In the data below, locate the line containing "Swimming athletes in" and the line containing "Clean bathroom featuring", then retype both and everything between them exactly. Pictures are not part of the copy.

┌─ Material provided

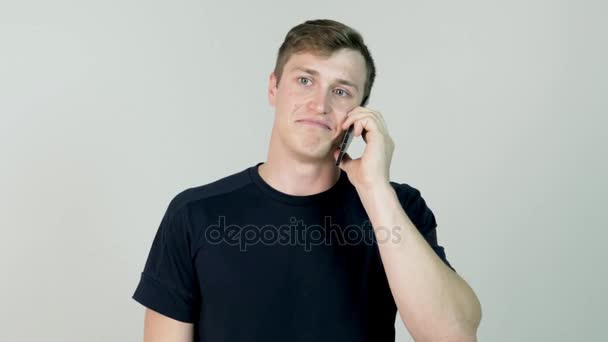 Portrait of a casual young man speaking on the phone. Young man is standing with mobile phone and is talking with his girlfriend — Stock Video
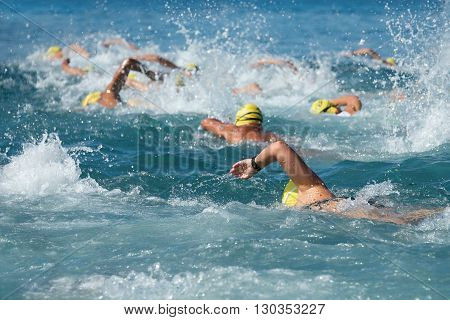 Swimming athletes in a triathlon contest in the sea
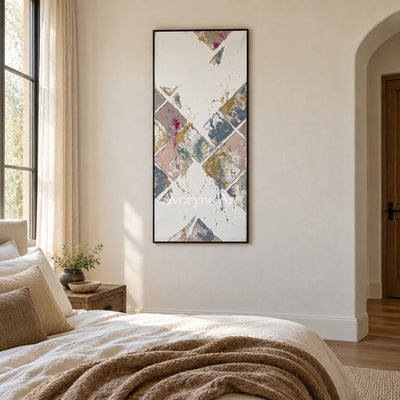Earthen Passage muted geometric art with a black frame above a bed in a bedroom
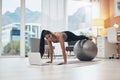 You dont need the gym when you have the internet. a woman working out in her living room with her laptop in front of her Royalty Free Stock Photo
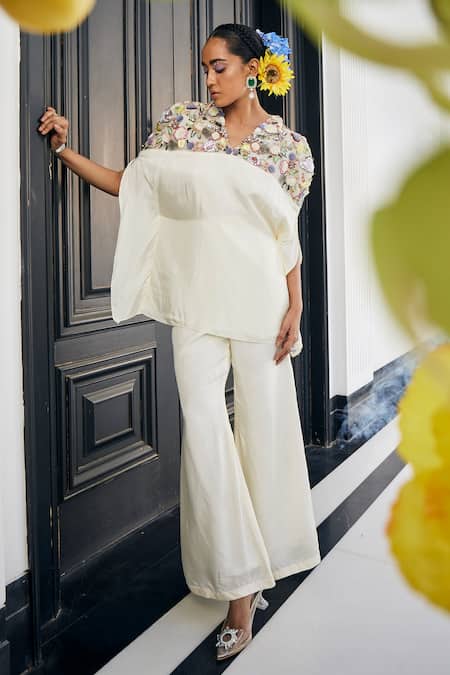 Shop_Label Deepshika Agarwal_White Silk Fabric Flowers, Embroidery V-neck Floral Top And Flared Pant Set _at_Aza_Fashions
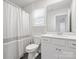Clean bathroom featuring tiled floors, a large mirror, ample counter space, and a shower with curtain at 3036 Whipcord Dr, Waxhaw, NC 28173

└─
┌─ Material provided

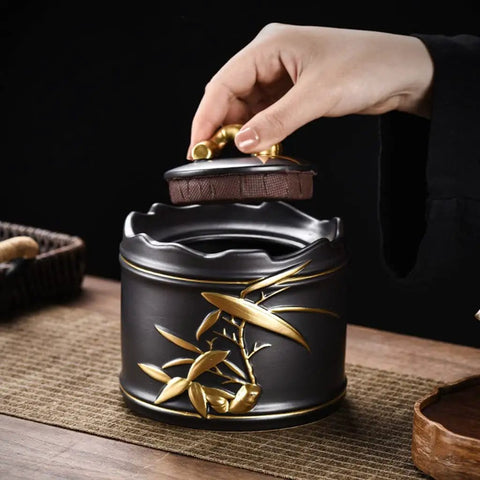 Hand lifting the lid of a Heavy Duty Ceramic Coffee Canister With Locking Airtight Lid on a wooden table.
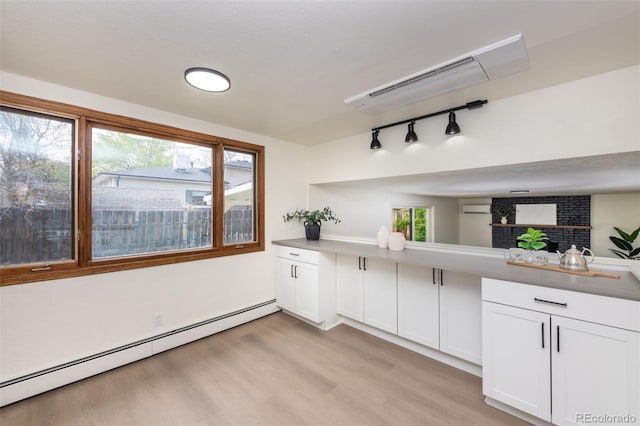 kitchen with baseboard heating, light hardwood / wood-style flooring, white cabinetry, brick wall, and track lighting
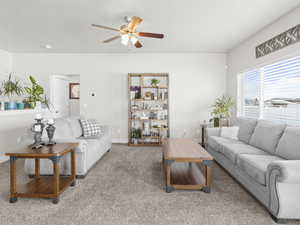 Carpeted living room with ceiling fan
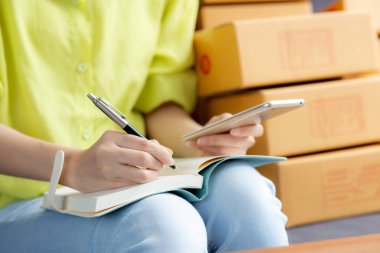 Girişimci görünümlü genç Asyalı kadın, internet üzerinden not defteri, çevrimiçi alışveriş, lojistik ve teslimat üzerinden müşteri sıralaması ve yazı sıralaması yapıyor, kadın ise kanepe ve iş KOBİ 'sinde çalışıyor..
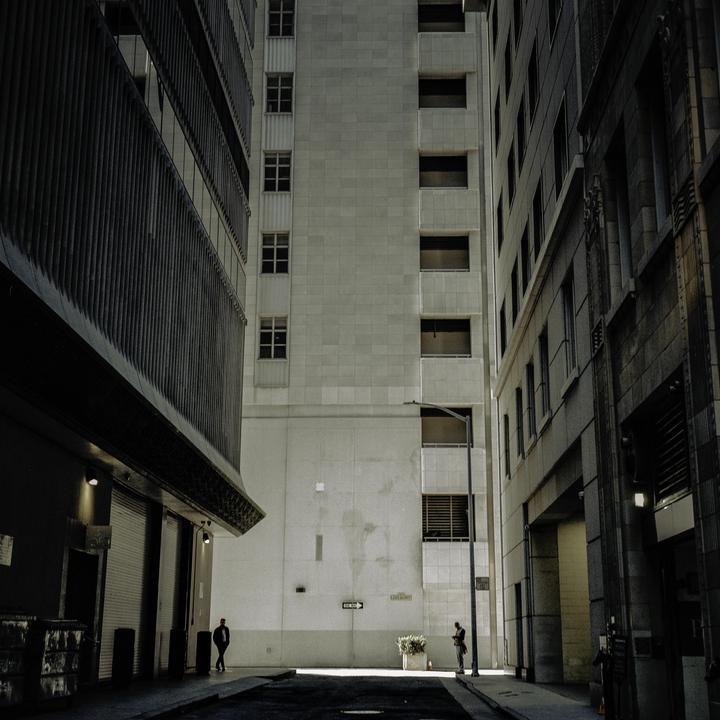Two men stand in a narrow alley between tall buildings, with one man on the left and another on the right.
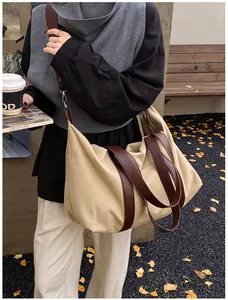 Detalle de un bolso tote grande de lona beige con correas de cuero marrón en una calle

└─

◆ **Your solution**:
 Swimming athletes in a triathlon contest in the sea
Earthen Passage muted geometric art with a black frame above a bed in a bedroom
 You dont need the gym when you have the internet. a woman working out in her living room with her laptop in front of her Royalty Free Stock Photo
 Shop_Label Deepshika Agarwal_White Silk Fabric Flowers, Embroidery V-neck Floral Top And Flared Pant Set _at_Aza_Fashions
Clean bathroom featuring tiled floors, a large mirror, ample counter space, and a shower with curtain at 3036 Whipcord Dr, Waxhaw, NC 28173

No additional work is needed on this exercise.